Task goal
Give the entries again exactly as they appear, but without the images.

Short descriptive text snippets
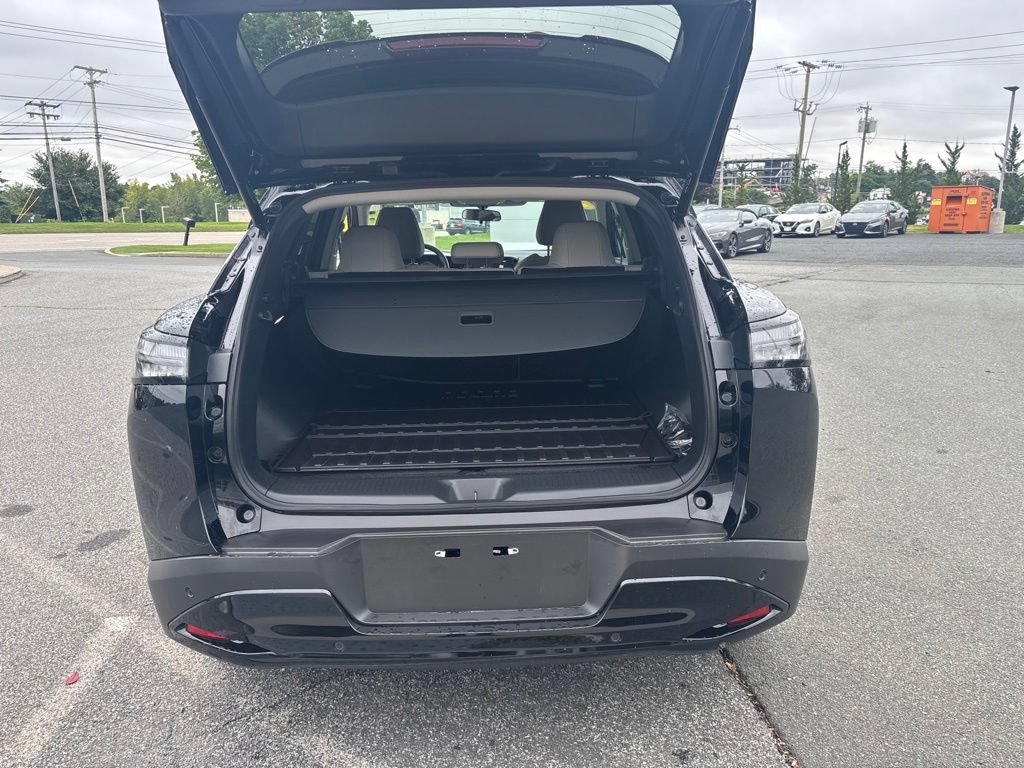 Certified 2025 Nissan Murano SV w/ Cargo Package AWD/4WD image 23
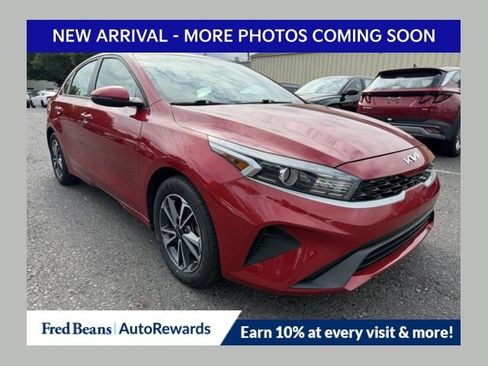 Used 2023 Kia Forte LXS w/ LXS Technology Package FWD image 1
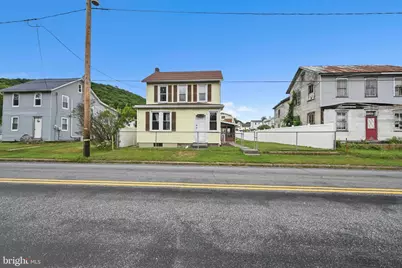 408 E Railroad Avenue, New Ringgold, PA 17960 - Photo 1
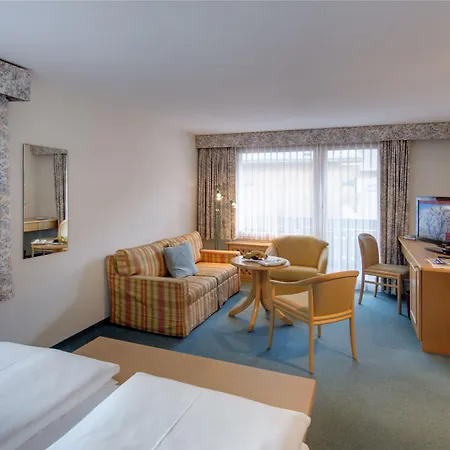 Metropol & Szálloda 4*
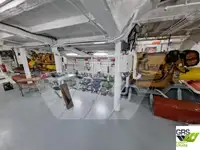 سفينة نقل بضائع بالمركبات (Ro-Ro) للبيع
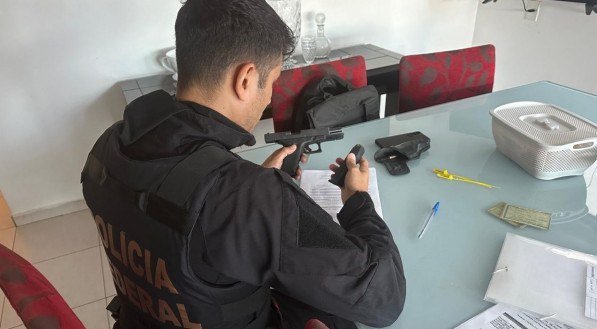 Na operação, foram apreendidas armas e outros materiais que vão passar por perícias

Task response
 Certified 2025 Nissan Murano SV w/ Cargo Package AWD/4WD image 23
 Used 2023 Kia Forte LXS w/ LXS Technology Package FWD image 1
 408 E Railroad Avenue, New Ringgold, PA 17960 - Photo 1
 Metropol & Szálloda 4*
 سفينة نقل بضائع بالمركبات (Ro-Ro) للبيع
 Na operação, foram apreendidas armas e outros materiais que vão passar por perícias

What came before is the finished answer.